Literature indicates that 20 percent of a manager's time is devoted to managing conflict. This underscores the need to understand the conflict triggers, emotions of conflict, and their effects on organizational outcomes. Specifically, research shows that conflict is inherently emotional and may impact trust negatively. While literature is replete with studies examining the relationship between conflict and anger, the connection between conflict and emotions of guilt and shame is least understood. Similarly, knowledge is limited about the impact of the different types of conflict on various forms of trust dimensions and how managers can repair difficult interactions that are conflict-induced.
Using affective events theory and attribution theory as frameworks, the present study fills this void by building and testing a mediating and moderating model of the effects of emotions and conflict accounts in the relationship between conflict and trust. Data were collected from 325 students enrolled in a business school. Data analyses showed that process conflict is associated with guilt and shame while guilt mediated the relationship between conflict and trust. Additionally, conflict accounts moderated the link between shame and benevolence-based trust.

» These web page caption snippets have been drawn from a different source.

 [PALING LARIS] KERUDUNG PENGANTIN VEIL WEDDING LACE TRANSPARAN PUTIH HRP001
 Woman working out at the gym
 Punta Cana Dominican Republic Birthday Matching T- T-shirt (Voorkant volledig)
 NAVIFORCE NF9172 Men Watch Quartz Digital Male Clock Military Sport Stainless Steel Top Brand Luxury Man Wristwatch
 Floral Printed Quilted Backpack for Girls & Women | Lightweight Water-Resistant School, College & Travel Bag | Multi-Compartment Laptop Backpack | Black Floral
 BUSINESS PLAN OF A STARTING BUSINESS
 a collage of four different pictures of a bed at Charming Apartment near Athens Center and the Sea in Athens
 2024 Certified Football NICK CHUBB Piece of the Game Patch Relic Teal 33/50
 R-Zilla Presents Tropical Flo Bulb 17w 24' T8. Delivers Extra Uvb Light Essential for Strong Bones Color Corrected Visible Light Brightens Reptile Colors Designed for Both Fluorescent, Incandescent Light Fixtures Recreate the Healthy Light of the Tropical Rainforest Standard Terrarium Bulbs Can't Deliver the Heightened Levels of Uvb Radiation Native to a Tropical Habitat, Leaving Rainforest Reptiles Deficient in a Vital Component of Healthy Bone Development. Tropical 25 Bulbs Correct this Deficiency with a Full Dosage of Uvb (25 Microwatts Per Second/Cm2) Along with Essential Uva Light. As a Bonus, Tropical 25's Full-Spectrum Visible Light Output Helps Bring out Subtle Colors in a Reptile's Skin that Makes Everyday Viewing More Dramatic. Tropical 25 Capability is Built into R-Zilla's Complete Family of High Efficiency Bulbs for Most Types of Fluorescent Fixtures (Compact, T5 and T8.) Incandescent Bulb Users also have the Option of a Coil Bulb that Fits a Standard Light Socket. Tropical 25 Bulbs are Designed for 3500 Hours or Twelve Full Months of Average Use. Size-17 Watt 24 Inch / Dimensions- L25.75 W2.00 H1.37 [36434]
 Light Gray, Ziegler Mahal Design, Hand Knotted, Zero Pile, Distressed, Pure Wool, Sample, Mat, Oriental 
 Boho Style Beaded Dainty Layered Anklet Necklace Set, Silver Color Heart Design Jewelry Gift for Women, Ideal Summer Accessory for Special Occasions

Overall, the current research makes several major contributions to theory and practice. For example, this study extends conflict and emotions literature by showing that conflict can evoke emotions of guilt and shame, and that guilt is connected with all dimensions of trust. The study also contributes to the current debate on how to repair trust or broken interpersonal relationships by showing that conflict accounts such as refusals is associated with low perceptions of trust. Overall, results from the present study should assist managers in the effective management of conflict and emotions to repair broken relationships at work.